Starting with....uhhhhhhh....:
PJTV Correspondent Michelle Fields talks with young Hillary Clinton supporters at George Washington University about her possible run for the White House in 2016.
.....ummmmm....gee, this is tougher than I thought....ahhhhhh....okay, I've got one: standing on upside-down legs! That's an achievement. May also be why she fell down and hit her head a year and a half ago and now Karl Rove thinks he has brain damage. You'd think it'd have happened more often in recent years. Oh, oh, and how about how she manages to use her protruding eyebrow ridges to keep her excess forehead skin from falling down over the rest of her face and smothering her? Wait, I'm sorry, that's a trick one, isn't it, since her face would sag down to where her boobies would have been at one time. Her "scissoring" rendezvouses with Janet Reno? Well, I guess, though it seems to me that forcing Bill to watch would have been a real achievement. Preferably after he'd jogged through a McDonalds drive-thru. The Secret Service does equip their operatives with squeegees, don't they?

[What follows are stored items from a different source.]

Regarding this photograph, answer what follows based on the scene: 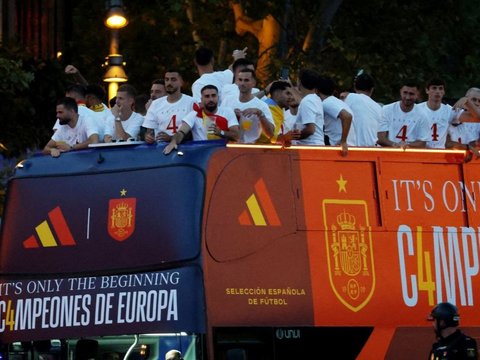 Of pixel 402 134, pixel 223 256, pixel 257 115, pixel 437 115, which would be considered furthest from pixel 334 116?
pixel 223 256

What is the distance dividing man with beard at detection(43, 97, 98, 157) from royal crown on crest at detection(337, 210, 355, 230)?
9.16ft

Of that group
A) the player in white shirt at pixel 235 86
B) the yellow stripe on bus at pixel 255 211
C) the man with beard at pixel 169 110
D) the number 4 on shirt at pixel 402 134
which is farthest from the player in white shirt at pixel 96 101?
the yellow stripe on bus at pixel 255 211

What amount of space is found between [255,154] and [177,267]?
4.36 feet

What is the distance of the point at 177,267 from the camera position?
631 inches

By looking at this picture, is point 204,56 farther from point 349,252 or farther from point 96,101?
point 349,252

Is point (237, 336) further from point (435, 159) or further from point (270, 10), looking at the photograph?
point (270, 10)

But I guess I'd have to go with sitting in the Situation Room and watching four Americans get slaughtered in real time as a result of embassy/consulate security reductions that she ordered, then lie like a rug about it to the faces of their bereaved families at Dover AFB four days later, and still being a free woman today entertaining her insatiable presidential ambitions. If that isn't an "achievement," I don't know what would be.
UPDATE: I know - getting up at 3AM! She hasn't managed it yet, but it could be a "goal".....
'NOTHER UPDATE: No, I don't know that Hillary Clinton and Janet Reno were lesbian lovers. But Karl Rove didn't know that Hillary Clinton has brain damage either, and he went with it. So if you want to condemn me for my irreverent whimsy, blame it on the Architect, since according to the Obamedia he speaks for all Republicans. Sound good?